In July 1995, the Partnership reduced its working capital reserves by
making a capital distribution of $441,447 ($37 per limited partnership unit).
After the distribution, the Partnership's adjusted capital contribution was $963
per unit.
On August 27, 1999, the Shasta Way joint venture in which the Partnership
and an affiliate owned a 42% and 58% interest, respectively, sold its property
for a gross sales price of $13,057,000, of which the Partnership's 42% share was
$5,483,940. The Partnership received its 42% share of the net proceeds, after
closing costs, in the amount of $5,390,812. On September 22, 1999, the
Partnership made a capital distribution of $5,297,364 ($444 per limited
partnership unit) from the proceeds of the sale.

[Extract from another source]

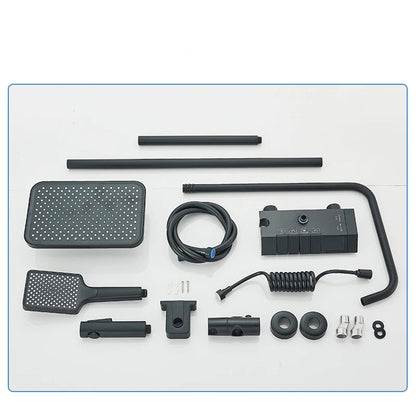 Colonne de Douche Intelligente Rozin – Affichage Numérique Noir Mat, Mitigeur Thermostatique, Système de Pluie Style Piano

In connection with two 1997 sales and the sale in August 1999, capital of
$10,093,626 ($846 per limited partnership unit) has been returned to the limited
partners, reducing the adjusted capital contribution to $117 per unit.
At March 31, 2000, the Partnership had $1,279,404 in cash and cash
equivalents which is being retained primarily as a reserve in the event of any
claims for breach of representations or warranties in connection with the sale
Shasta Way, and as an additional reserve in connection with the liquidation of
the Partnership. The Partnership intends to liquidate and dissolve in 2000.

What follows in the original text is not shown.